AI researcher Eliezer Yudkowsky is something of an expert at human rationality, and at teaching it to others. His hundreds of posts at Less Wrong are a treasure trove for those who want to improve their own rationality. As such, I’m reading all of them, chronologically.
I suspect some of my readers want to “level up” their rationality, too. So I’m keeping a diary of my Yudkowsky reading. Feel free to follow along.
His 442nd post is Morality as Fixed Computation, an attempt to “boil down” his theory of morality and be clear about it, but I remain as baffled as ever.
Update: I wrote this post months ago. I’ve since gotten clearer on Eliezer’s meta-ethics thanks to this discussion.

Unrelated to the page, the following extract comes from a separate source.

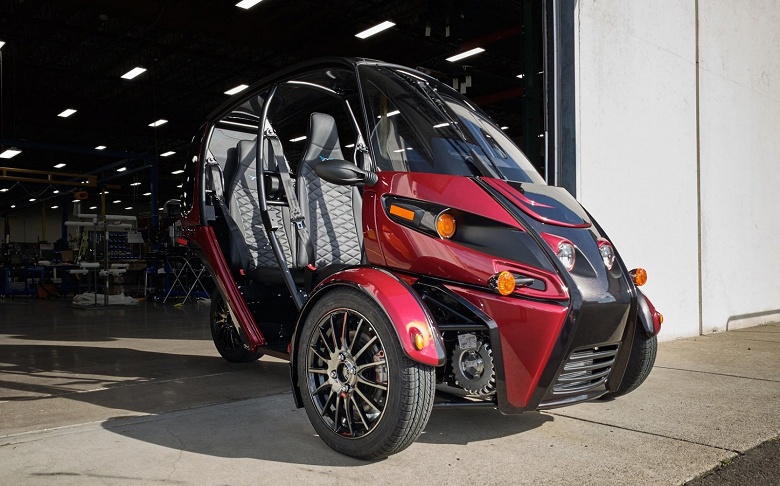 Начались поставки трехколесных электромобилей Arcimoto FUV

Inseparably Right; or, Joy in the Merely Good does a bit better:
There is no pure ghostly essence of goodness apart from things like truth, happiness and sentient life.

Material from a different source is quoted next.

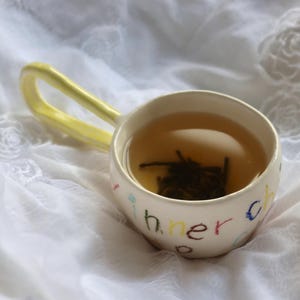 Tasse en céramique faite main - Tasse artistique intérieure de l'enfant, poterie artisanale colorée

What do you value? At a guess, you value the life of your friends and your family and your Significant Other and yourself, all in different ways. You would probably say that you value human life in general, and I would take your word for it, though Robin Hanson might ask how you’ve acted on this supposed preference. If you’re reading this blog you probably attach some value to truth for the sake of truth. If you’ve ever learned to play a musical instrument, or paint a picture, or if you’ve ever solved a math problem for the fun of it, then you probably attach real value to good art. You value your freedom, the control that you possess over your own life; and if you’ve ever really helped someone you probably enjoyed it. You might not think of playing a video game as a great sacrifice of dutiful morality, but I for one would not wish to see the joy of complex challenge perish from the universe. You may not think of telling jokes as a matter of interpersonal morality, but I would consider the human sense of humor as part of the gift we give to tomorrow.
And you value many more things than these.

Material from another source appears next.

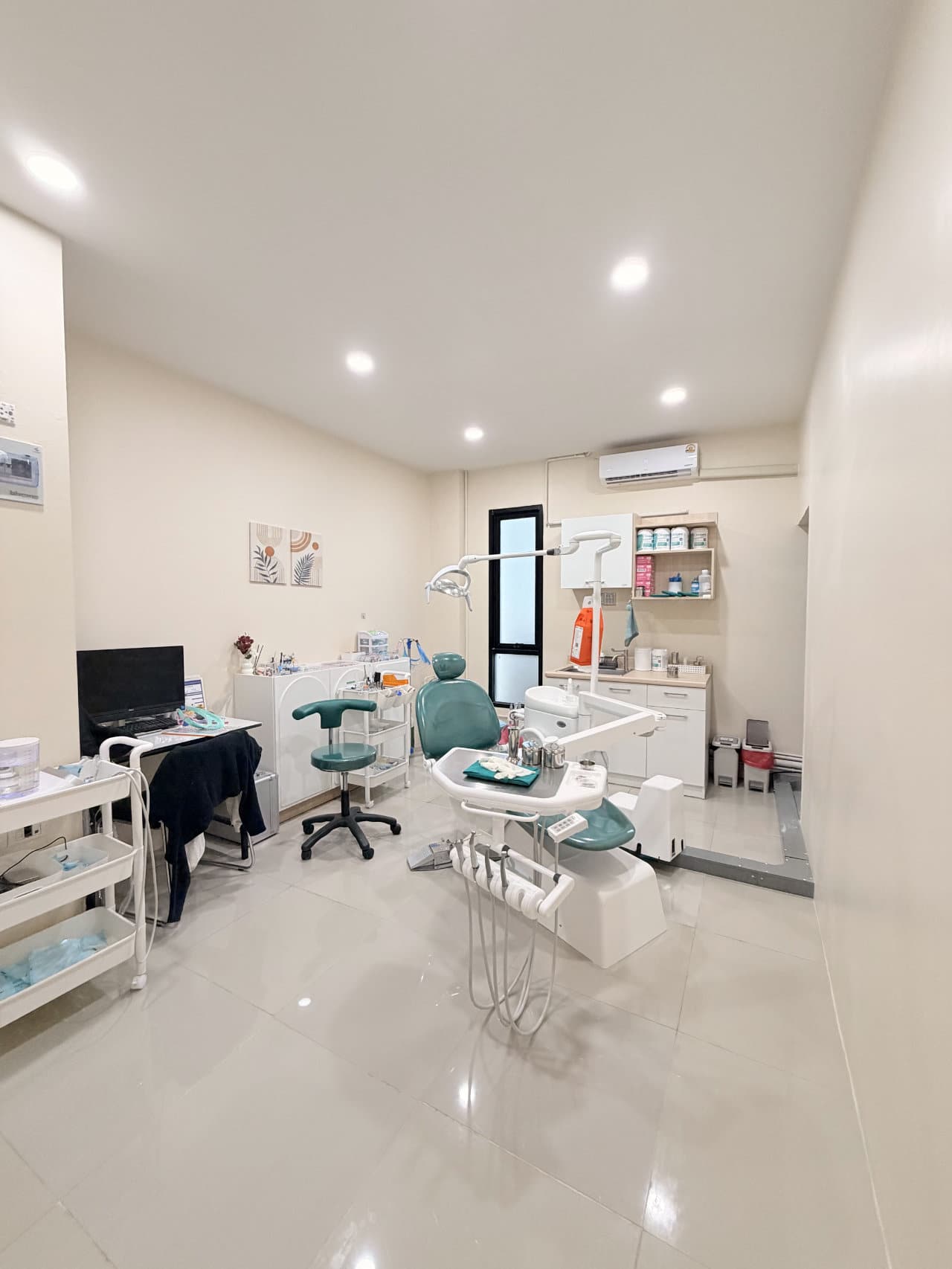 Dental equipment · อุปกรณ์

Your brain assesses these things I have said, or others, or more, depending on the specific event, and finally affixes a little internal representational label that we recognize and call “good”.
Okay, but what if you ask “What should I recognize as good?”
Every time you say should, it includes an implicit criterion of choice; there is no should-ness that can be abstracted away from any criterion.
…Don’t look to some surprising unusual twist of logic for your justification. Look to the living child, successfully dragged off the train tracks. There you will find your justification. What ever should be more important than that?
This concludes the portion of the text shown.